ASSIGNMENT:
Repeat only these lines, exactly: the first line of the data, the line containing "The first thing", and every line between them. Pictures stay out.

SOURCE MATERIAL:
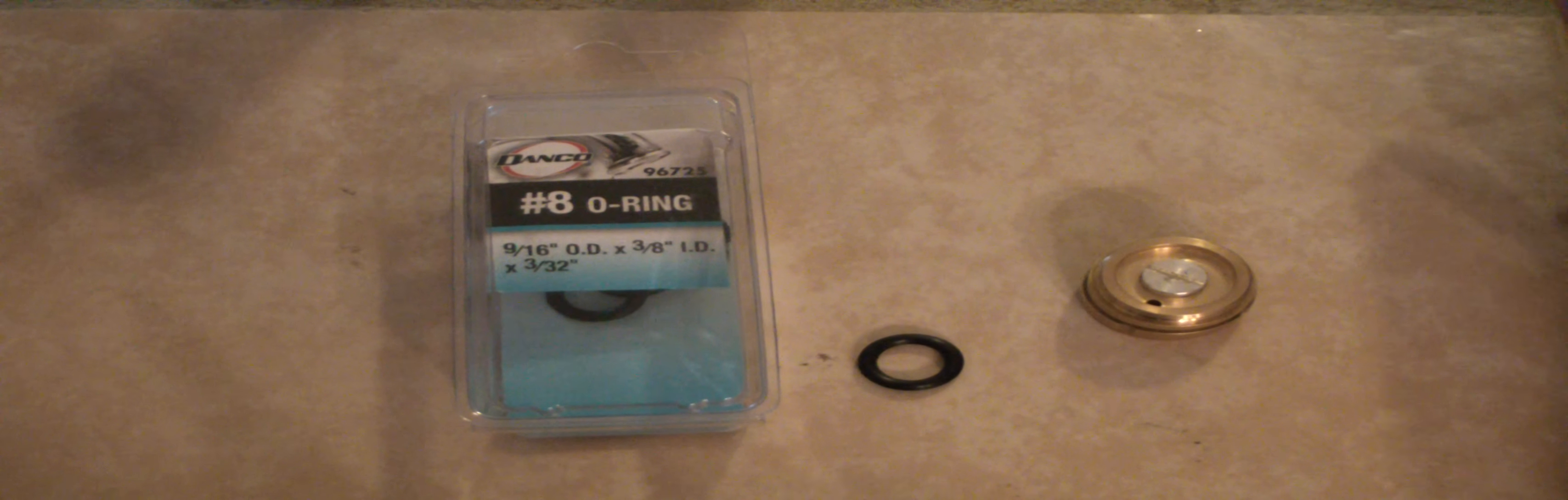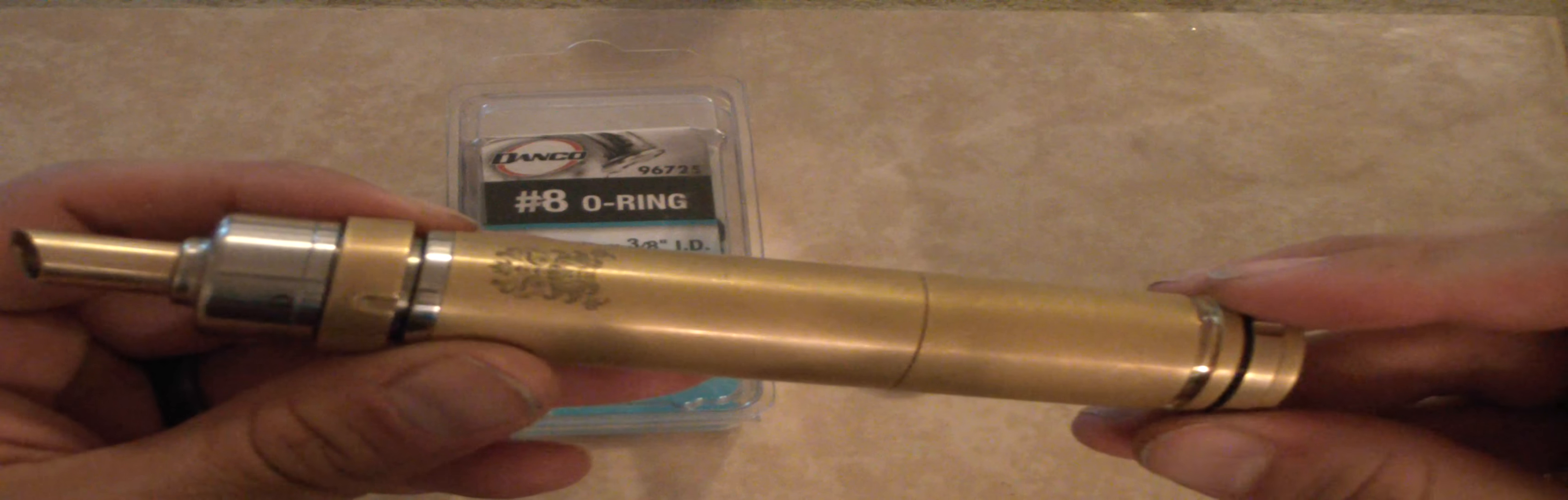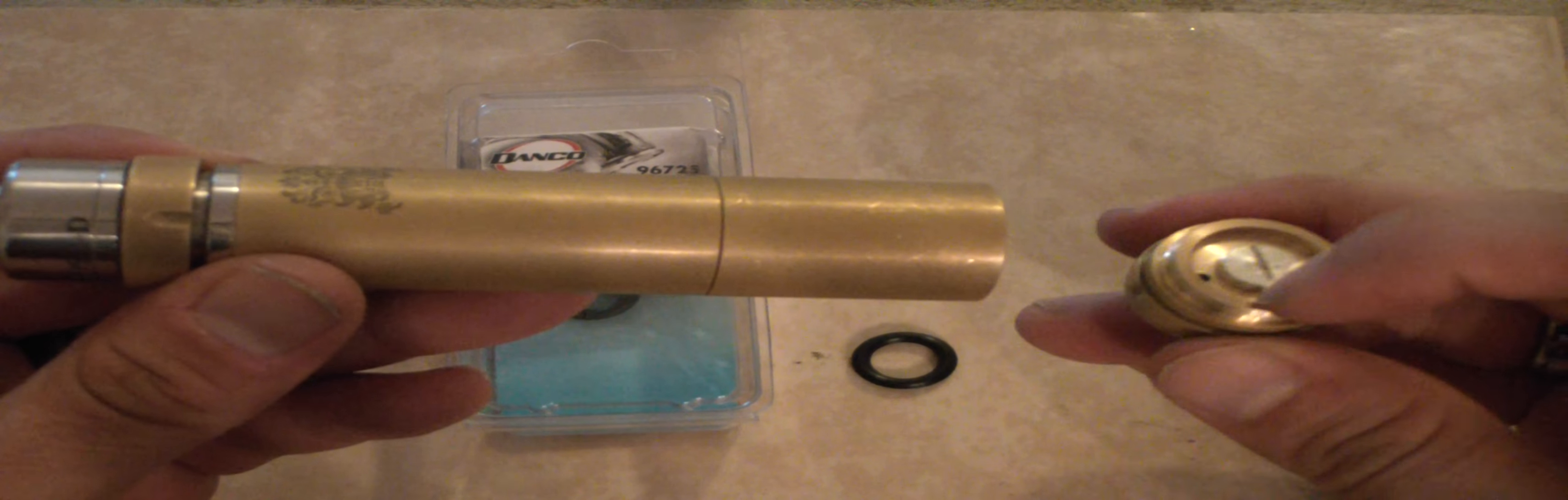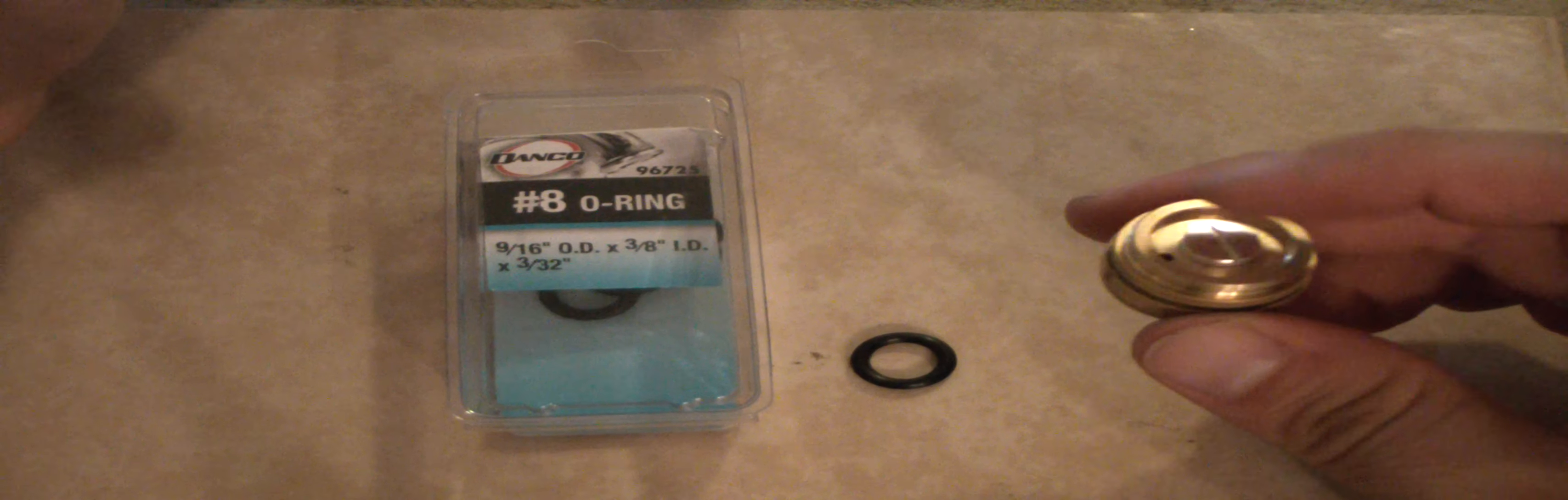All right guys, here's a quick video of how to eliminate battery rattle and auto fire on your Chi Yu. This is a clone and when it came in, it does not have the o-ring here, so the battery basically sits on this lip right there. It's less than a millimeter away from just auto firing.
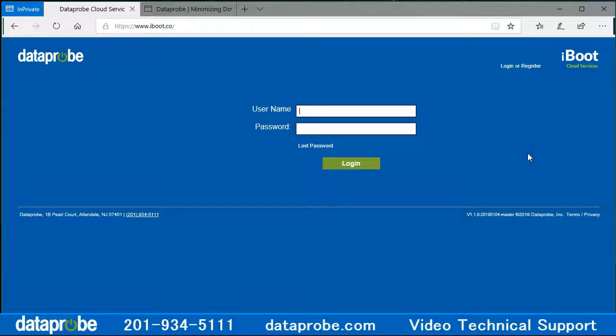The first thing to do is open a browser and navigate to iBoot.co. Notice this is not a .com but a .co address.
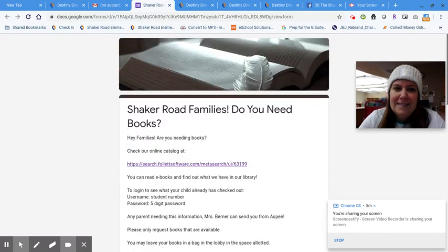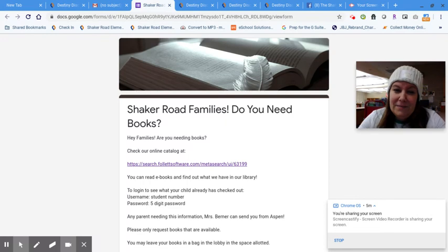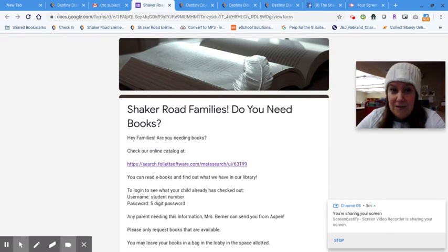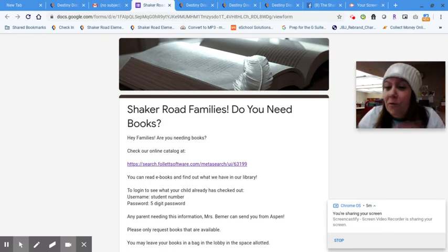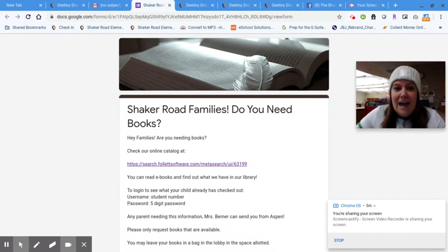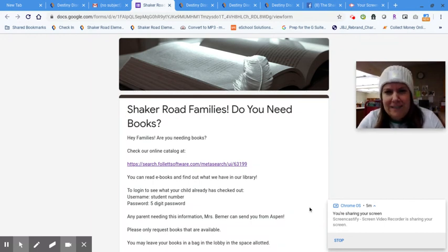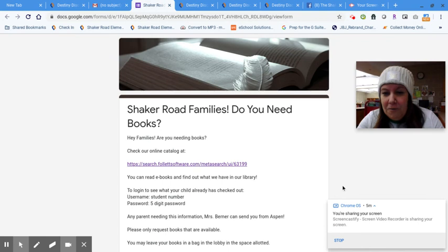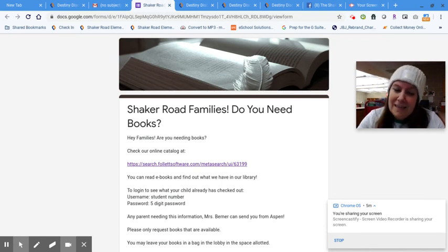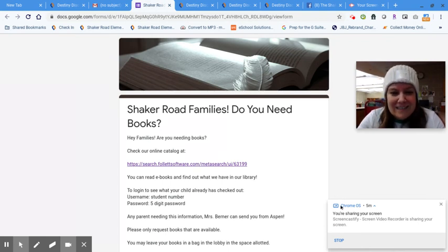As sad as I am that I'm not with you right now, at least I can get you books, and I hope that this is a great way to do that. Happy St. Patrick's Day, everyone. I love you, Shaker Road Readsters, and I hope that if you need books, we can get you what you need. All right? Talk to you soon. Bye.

RESPONSE TO THE TASK:
All right guys, here's a quick video of how to eliminate battery rattle and auto fire on your Chi Yu. This is a clone and when it came in, it does not have the o-ring here, so the battery basically sits on this lip right there. It's less than a millimeter away from just auto firing.
The first thing to do is open a browser and navigate to iBoot.co. Notice this is not a .com but a .co address.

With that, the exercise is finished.